=== Section Start ===

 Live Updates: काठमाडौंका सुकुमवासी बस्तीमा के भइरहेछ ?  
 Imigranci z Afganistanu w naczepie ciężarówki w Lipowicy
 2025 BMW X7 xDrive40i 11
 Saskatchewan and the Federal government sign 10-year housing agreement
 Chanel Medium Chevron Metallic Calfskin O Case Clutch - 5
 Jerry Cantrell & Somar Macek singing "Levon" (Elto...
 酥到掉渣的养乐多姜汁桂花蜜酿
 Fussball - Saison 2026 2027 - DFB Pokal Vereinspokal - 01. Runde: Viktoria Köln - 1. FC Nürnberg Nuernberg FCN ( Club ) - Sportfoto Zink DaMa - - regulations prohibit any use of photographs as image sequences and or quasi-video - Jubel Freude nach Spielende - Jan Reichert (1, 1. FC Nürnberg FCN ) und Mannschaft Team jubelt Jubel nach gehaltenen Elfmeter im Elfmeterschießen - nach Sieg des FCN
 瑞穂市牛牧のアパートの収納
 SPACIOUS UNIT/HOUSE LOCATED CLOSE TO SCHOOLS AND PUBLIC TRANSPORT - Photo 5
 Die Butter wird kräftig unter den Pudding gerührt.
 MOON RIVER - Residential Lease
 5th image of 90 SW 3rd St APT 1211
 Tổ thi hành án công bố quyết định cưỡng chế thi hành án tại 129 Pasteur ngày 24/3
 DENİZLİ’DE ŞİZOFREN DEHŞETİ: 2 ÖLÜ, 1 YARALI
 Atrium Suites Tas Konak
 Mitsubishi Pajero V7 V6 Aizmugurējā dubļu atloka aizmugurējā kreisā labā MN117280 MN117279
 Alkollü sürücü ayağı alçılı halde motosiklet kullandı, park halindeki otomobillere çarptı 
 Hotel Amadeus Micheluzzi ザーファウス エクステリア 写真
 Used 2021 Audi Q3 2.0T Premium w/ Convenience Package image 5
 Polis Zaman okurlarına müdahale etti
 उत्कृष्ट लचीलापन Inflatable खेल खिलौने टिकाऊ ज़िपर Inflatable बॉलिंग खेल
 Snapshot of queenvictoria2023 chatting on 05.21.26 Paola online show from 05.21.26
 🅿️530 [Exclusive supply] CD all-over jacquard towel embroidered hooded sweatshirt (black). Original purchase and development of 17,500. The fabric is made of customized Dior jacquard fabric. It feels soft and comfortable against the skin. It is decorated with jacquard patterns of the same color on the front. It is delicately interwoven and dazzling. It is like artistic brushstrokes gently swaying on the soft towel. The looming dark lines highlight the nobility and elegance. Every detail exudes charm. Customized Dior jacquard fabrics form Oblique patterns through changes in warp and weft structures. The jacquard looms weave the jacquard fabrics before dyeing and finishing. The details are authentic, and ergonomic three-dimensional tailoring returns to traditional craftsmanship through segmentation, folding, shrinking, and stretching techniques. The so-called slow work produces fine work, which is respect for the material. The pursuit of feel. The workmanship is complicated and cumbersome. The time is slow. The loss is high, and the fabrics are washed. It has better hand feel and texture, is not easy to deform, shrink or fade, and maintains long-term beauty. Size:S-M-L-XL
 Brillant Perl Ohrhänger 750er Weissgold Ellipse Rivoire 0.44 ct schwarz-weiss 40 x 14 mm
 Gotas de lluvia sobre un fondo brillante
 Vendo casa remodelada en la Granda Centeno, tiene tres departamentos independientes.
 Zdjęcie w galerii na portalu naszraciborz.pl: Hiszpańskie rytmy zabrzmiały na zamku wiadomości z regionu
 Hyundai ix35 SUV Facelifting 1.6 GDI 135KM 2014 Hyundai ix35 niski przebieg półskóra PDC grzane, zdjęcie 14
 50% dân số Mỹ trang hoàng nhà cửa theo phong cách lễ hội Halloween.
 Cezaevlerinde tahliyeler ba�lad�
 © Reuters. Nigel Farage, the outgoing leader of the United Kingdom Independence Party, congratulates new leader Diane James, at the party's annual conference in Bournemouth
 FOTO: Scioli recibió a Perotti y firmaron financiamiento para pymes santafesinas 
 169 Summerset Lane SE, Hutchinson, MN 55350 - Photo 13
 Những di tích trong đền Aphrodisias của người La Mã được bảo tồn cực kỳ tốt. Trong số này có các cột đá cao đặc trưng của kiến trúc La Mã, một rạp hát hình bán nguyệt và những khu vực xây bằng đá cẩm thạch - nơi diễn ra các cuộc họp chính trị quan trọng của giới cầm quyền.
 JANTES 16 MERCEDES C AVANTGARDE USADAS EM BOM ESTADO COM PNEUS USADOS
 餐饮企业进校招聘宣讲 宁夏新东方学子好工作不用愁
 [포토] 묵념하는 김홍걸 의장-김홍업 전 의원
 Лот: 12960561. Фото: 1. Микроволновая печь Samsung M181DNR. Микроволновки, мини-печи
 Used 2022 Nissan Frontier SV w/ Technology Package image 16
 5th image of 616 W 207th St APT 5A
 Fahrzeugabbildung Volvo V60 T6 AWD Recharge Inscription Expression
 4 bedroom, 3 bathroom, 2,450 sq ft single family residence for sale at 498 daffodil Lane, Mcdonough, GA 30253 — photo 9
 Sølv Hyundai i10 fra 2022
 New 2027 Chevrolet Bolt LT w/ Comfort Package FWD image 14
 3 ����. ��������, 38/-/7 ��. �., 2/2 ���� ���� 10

=== Section End ===

§ **EXERCISE DETAILS**: Each line of the material that contains the string "Hyundai" has to be copied out.

§ **ANSWER BOX**:
 Hyundai ix35 SUV Facelifting 1.6 GDI 135KM 2014 Hyundai ix35 niski przebieg półskóra PDC grzane, zdjęcie 14
 Sølv Hyundai i10 fra 2022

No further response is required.